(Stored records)
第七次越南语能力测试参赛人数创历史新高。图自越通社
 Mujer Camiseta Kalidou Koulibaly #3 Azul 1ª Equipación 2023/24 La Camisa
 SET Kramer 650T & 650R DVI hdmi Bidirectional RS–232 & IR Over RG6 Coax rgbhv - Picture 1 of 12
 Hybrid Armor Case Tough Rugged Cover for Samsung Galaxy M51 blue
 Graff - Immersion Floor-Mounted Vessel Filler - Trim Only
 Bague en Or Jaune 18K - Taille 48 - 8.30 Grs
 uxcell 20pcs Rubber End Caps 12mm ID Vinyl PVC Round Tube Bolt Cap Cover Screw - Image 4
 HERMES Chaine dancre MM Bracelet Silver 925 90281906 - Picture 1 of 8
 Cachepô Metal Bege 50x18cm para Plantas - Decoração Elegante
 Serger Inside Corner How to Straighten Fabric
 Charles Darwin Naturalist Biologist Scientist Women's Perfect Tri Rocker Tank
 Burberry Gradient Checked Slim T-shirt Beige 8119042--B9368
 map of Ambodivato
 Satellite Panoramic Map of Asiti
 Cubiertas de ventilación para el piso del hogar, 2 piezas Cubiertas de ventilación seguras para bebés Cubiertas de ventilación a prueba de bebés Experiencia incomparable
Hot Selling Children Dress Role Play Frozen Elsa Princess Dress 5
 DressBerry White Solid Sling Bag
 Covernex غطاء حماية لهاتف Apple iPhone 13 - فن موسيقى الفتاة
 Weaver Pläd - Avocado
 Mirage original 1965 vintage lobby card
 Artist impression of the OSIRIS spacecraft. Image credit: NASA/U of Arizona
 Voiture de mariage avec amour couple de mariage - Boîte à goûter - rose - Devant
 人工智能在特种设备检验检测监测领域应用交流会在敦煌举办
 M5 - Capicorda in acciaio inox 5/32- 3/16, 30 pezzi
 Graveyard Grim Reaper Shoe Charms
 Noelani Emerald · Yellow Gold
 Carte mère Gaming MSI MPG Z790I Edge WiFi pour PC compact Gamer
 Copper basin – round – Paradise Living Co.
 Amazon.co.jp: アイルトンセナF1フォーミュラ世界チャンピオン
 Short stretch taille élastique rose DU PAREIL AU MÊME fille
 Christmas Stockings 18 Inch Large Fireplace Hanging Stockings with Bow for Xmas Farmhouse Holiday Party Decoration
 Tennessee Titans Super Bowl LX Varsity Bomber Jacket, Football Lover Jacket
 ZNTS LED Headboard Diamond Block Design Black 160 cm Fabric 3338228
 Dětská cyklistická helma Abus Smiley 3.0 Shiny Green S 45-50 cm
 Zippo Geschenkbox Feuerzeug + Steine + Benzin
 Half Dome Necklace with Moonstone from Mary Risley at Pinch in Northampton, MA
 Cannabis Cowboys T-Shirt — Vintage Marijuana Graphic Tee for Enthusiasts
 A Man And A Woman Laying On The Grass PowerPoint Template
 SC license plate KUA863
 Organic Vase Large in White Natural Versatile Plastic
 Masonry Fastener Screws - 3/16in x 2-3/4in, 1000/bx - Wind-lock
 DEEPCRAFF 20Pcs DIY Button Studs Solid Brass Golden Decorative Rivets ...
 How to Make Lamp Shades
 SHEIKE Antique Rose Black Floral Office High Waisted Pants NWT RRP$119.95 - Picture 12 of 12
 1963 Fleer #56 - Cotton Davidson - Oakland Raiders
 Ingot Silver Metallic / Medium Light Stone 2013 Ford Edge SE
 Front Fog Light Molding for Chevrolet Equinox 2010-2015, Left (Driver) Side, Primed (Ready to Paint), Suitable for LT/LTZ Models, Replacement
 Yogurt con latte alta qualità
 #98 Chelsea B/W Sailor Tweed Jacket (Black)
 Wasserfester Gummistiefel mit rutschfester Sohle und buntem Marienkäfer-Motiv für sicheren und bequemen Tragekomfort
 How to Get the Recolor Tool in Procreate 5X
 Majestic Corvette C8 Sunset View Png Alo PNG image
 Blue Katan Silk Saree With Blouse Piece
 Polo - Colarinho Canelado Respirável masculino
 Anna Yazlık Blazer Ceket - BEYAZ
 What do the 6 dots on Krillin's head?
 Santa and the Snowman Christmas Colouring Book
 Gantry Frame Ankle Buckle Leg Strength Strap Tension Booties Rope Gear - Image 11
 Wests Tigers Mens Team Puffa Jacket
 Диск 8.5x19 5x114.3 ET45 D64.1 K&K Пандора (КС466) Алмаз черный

TASK REQUIREMENTS -
All entries are to be retyped with no difference from the original.

WRITTEN RESPONSE -
第七次越南语能力测试参赛人数创历史新高。图自越通社
 Mujer Camiseta Kalidou Koulibaly #3 Azul 1ª Equipación 2023/24 La Camisa
 SET Kramer 650T & 650R DVI hdmi Bidirectional RS–232 & IR Over RG6 Coax rgbhv - Picture 1 of 12
 Hybrid Armor Case Tough Rugged Cover for Samsung Galaxy M51 blue
 Graff - Immersion Floor-Mounted Vessel Filler - Trim Only
 Bague en Or Jaune 18K - Taille 48 - 8.30 Grs
 uxcell 20pcs Rubber End Caps 12mm ID Vinyl PVC Round Tube Bolt Cap Cover Screw - Image 4
 HERMES Chaine dancre MM Bracelet Silver 925 90281906 - Picture 1 of 8
 Cachepô Metal Bege 50x18cm para Plantas - Decoração Elegante
 Serger Inside Corner How to Straighten Fabric
 Charles Darwin Naturalist Biologist Scientist Women's Perfect Tri Rocker Tank
 Burberry Gradient Checked Slim T-shirt Beige 8119042--B9368
 map of Ambodivato
 Satellite Panoramic Map of Asiti
 Cubiertas de ventilación para el piso del hogar, 2 piezas Cubiertas de ventilación seguras para bebés Cubiertas de ventilación a prueba de bebés Experiencia incomparable
Hot Selling Children Dress Role Play Frozen Elsa Princess Dress 5
 DressBerry White Solid Sling Bag
 Covernex غطاء حماية لهاتف Apple iPhone 13 - فن موسيقى الفتاة
 Weaver Pläd - Avocado
 Mirage original 1965 vintage lobby card
 Artist impression of the OSIRIS spacecraft. Image credit: NASA/U of Arizona
 Voiture de mariage avec amour couple de mariage - Boîte à goûter - rose - Devant
 人工智能在特种设备检验检测监测领域应用交流会在敦煌举办
 M5 - Capicorda in acciaio inox 5/32- 3/16, 30 pezzi
 Graveyard Grim Reaper Shoe Charms
 Noelani Emerald · Yellow Gold
 Carte mère Gaming MSI MPG Z790I Edge WiFi pour PC compact Gamer
 Copper basin – round – Paradise Living Co.
 Amazon.co.jp: アイルトンセナF1フォーミュラ世界チャンピオン
 Short stretch taille élastique rose DU PAREIL AU MÊME fille
 Christmas Stockings 18 Inch Large Fireplace Hanging Stockings with Bow for Xmas Farmhouse Holiday Party Decoration
 Tennessee Titans Super Bowl LX Varsity Bomber Jacket, Football Lover Jacket
 ZNTS LED Headboard Diamond Block Design Black 160 cm Fabric 3338228
 Dětská cyklistická helma Abus Smiley 3.0 Shiny Green S 45-50 cm
 Zippo Geschenkbox Feuerzeug + Steine + Benzin
 Half Dome Necklace with Moonstone from Mary Risley at Pinch in Northampton, MA
 Cannabis Cowboys T-Shirt — Vintage Marijuana Graphic Tee for Enthusiasts
 A Man And A Woman Laying On The Grass PowerPoint Template
 SC license plate KUA863
 Organic Vase Large in White Natural Versatile Plastic
 Masonry Fastener Screws - 3/16in x 2-3/4in, 1000/bx - Wind-lock
 DEEPCRAFF 20Pcs DIY Button Studs Solid Brass Golden Decorative Rivets ...
 How to Make Lamp Shades
 SHEIKE Antique Rose Black Floral Office High Waisted Pants NWT RRP$119.95 - Picture 12 of 12
 1963 Fleer #56 - Cotton Davidson - Oakland Raiders
 Ingot Silver Metallic / Medium Light Stone 2013 Ford Edge SE
 Front Fog Light Molding for Chevrolet Equinox 2010-2015, Left (Driver) Side, Primed (Ready to Paint), Suitable for LT/LTZ Models, Replacement
 Yogurt con latte alta qualità
 #98 Chelsea B/W Sailor Tweed Jacket (Black)
 Wasserfester Gummistiefel mit rutschfester Sohle und buntem Marienkäfer-Motiv für sicheren und bequemen Tragekomfort
 How to Get the Recolor Tool in Procreate 5X
 Majestic Corvette C8 Sunset View Png Alo PNG image
 Blue Katan Silk Saree With Blouse Piece
 Polo - Colarinho Canelado Respirável masculino
 Anna Yazlık Blazer Ceket - BEYAZ
 What do the 6 dots on Krillin's head?
 Santa and the Snowman Christmas Colouring Book
 Gantry Frame Ankle Buckle Leg Strength Strap Tension Booties Rope Gear - Image 11
 Wests Tigers Mens Team Puffa Jacket
 Диск 8.5x19 5x114.3 ET45 D64.1 K&K Пандора (КС466) Алмаз черный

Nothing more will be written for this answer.